### What is needed
Starting with the line that has "Dripex Box Bambini 150x150 cm Grigio" and finishing with the line that has "Iluromi online show from 02-27-26, 03:12", set down each line below exactly. Pictures are not copied.

### Data under study
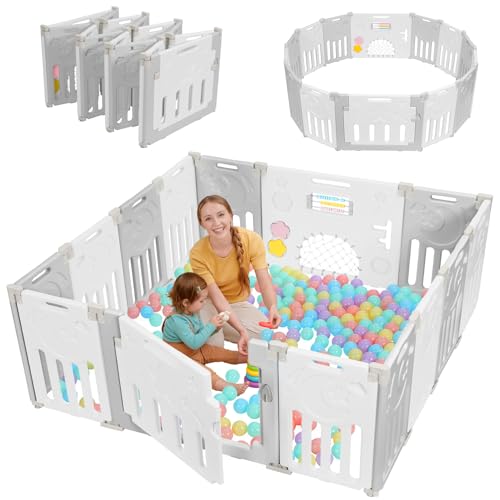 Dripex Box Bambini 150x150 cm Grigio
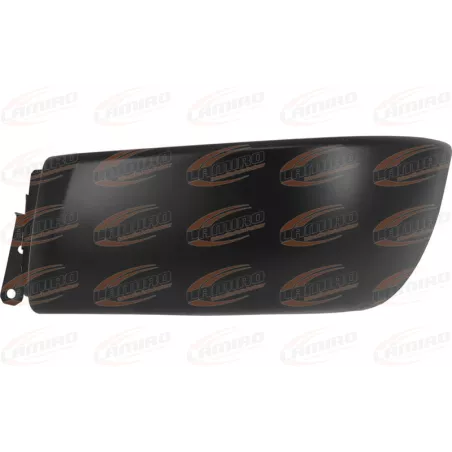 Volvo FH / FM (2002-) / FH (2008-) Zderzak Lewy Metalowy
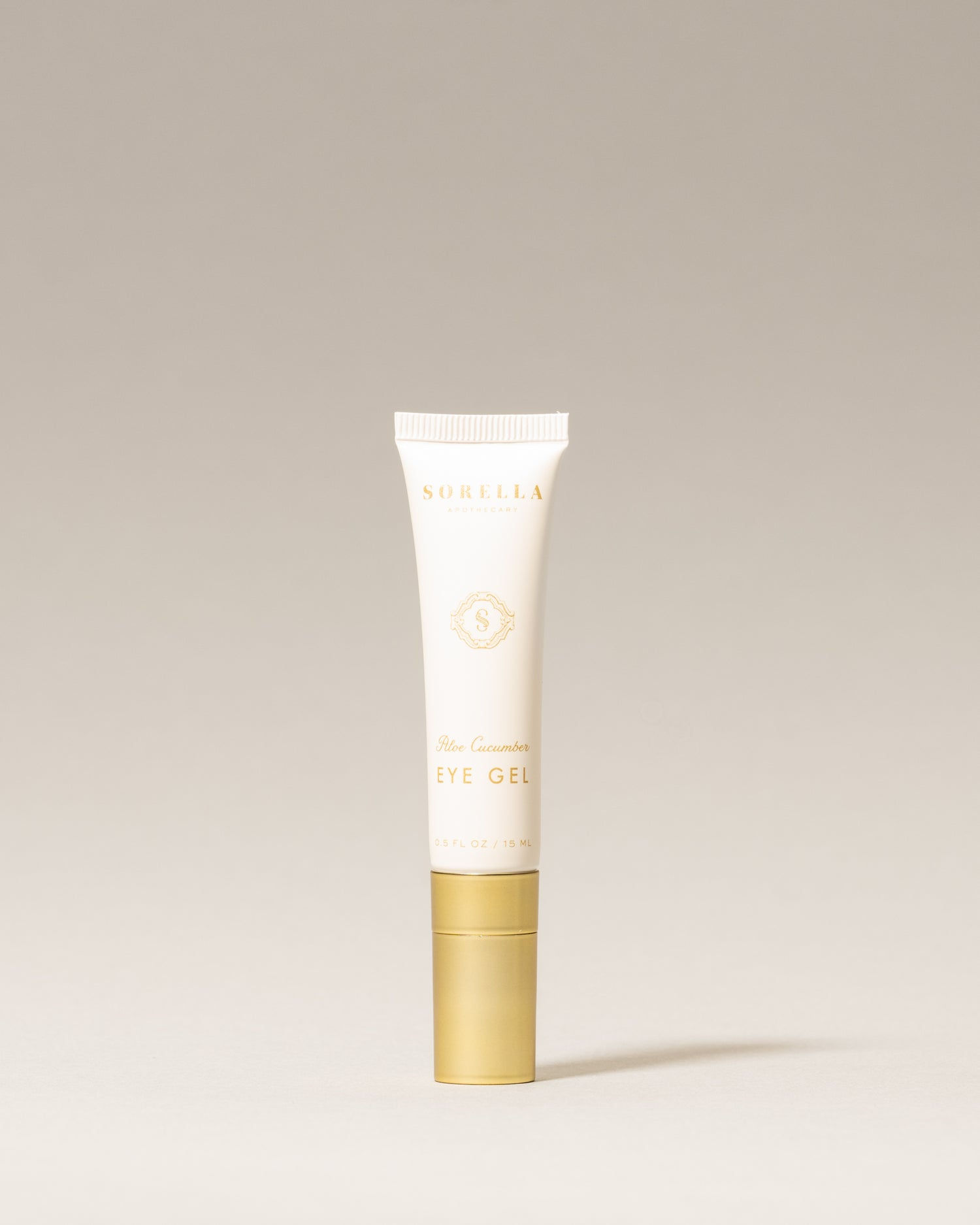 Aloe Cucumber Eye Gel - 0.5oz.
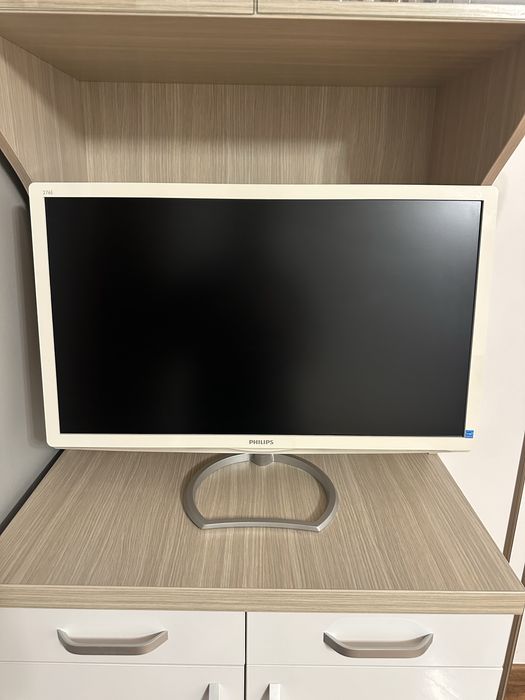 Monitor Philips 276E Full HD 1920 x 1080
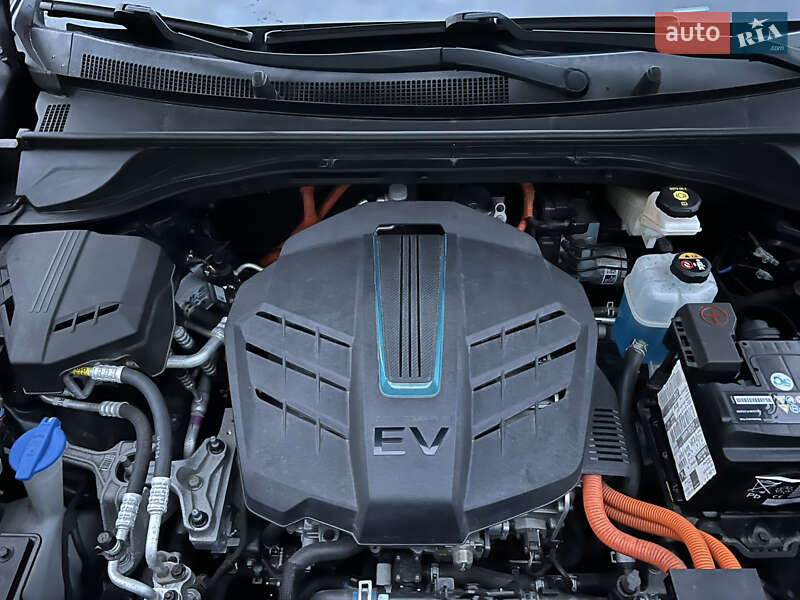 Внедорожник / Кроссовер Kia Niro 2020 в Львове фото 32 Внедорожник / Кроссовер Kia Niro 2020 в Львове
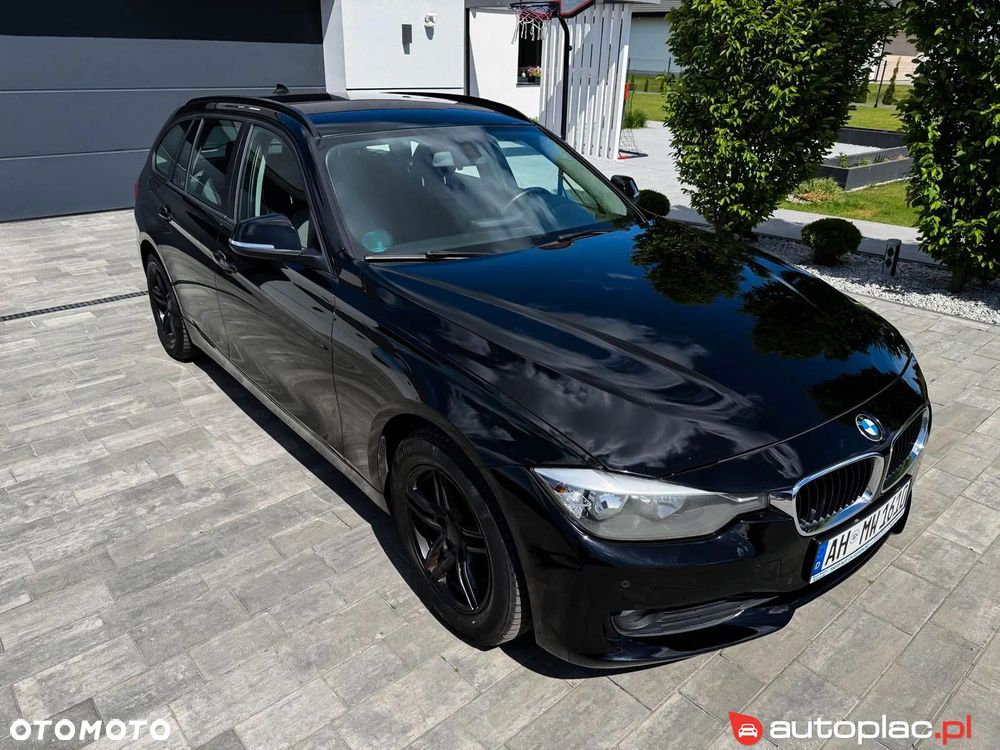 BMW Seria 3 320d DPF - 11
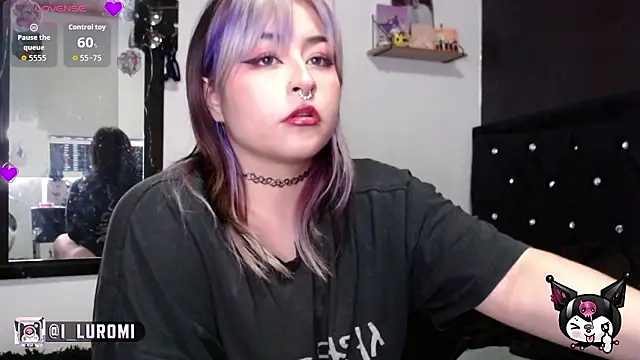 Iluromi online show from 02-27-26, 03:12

==

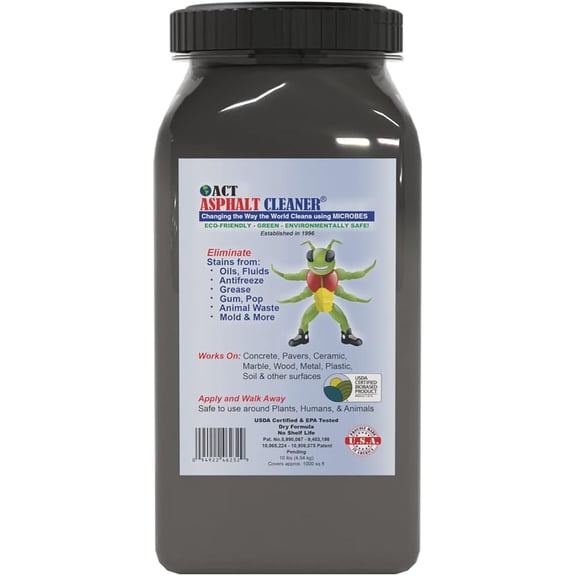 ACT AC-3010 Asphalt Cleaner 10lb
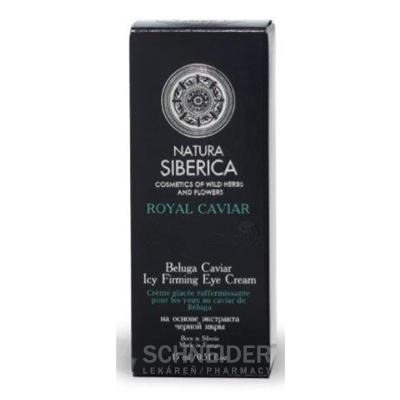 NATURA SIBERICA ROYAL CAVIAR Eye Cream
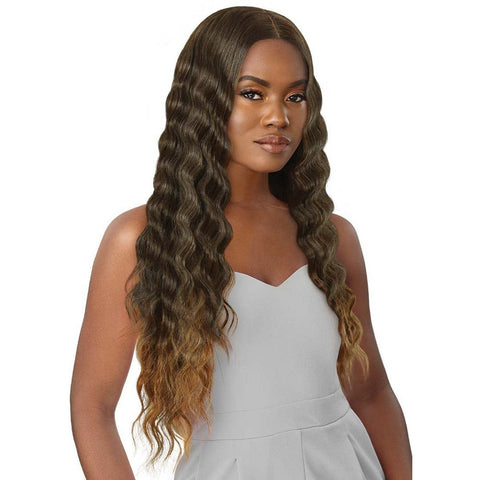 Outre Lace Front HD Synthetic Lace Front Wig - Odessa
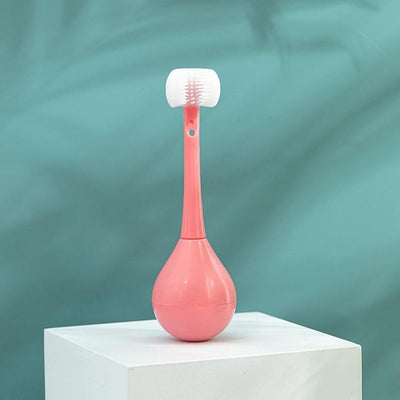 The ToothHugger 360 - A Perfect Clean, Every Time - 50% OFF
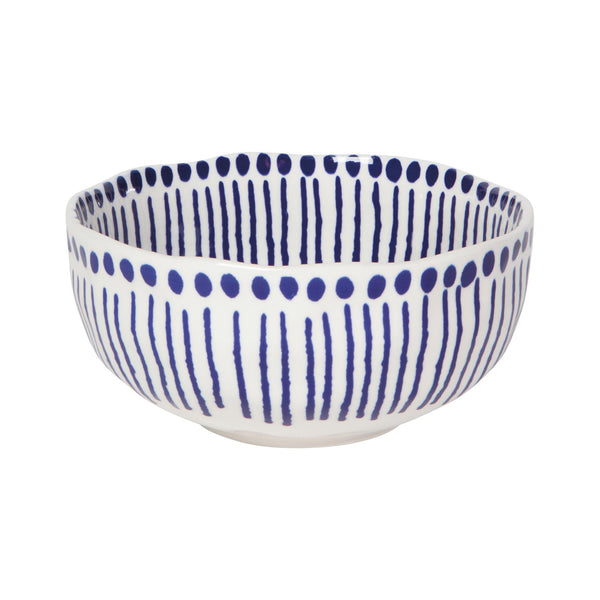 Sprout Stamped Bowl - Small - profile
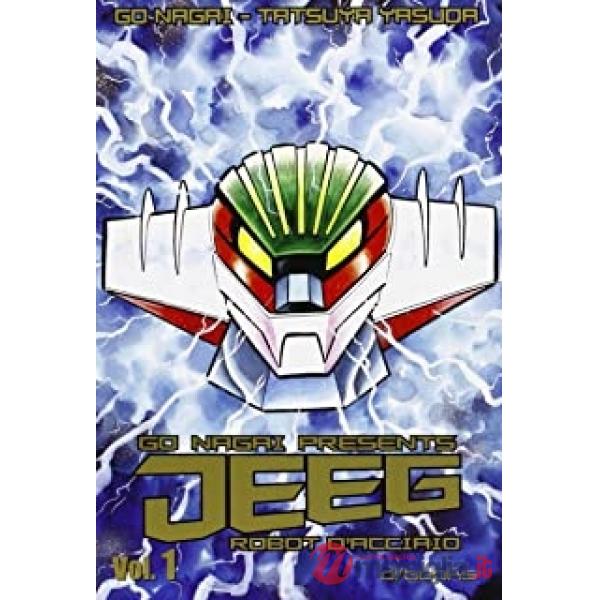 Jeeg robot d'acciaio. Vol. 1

### Task answer
 Dripex Box Bambini 150x150 cm Grigio
 Volvo FH / FM (2002-) / FH (2008-) Zderzak Lewy Metalowy
 Aloe Cucumber Eye Gel - 0.5oz.
 Monitor Philips 276E Full HD 1920 x 1080
 Внедорожник / Кроссовер Kia Niro 2020 в Львове фото 32 Внедорожник / Кроссовер Kia Niro 2020 в Львове
 BMW Seria 3 320d DPF - 11
 Iluromi online show from 02-27-26, 03:12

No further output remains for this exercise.